__WHAT YOU SHOULD DO__
From the line that includes "2023年教育实习生自我总结2.docx_第1页" to the closing line of the data, please transcribe every line exactly and add nothing.

__INFORMATION__
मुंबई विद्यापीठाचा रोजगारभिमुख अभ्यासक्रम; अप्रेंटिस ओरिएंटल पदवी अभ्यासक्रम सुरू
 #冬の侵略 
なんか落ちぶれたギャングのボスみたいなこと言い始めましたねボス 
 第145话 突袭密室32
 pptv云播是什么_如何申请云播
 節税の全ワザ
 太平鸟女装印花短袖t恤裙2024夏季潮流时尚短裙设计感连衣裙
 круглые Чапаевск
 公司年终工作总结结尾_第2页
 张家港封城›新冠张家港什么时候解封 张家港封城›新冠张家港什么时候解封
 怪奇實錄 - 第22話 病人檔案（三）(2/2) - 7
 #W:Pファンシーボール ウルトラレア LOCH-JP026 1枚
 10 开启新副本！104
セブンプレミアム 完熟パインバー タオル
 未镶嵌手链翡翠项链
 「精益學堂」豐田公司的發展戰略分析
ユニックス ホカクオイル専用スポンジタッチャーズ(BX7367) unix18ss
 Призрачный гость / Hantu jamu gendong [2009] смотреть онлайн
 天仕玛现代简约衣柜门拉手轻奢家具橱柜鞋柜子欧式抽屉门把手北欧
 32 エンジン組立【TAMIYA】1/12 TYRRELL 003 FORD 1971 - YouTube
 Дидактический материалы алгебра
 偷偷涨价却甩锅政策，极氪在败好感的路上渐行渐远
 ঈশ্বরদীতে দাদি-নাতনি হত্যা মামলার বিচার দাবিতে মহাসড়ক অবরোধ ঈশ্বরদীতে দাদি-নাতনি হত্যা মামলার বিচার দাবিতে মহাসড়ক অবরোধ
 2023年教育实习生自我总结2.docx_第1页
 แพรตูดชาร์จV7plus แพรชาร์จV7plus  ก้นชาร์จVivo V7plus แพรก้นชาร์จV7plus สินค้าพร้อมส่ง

__ANSWER TO THE PROBLEM__
 2023年教育实习生自我总结2.docx_第1页
 แพรตูดชาร์จV7plus แพรชาร์จV7plus  ก้นชาร์จVivo V7plus แพรก้นชาร์จV7plus สินค้าพร้อมส่ง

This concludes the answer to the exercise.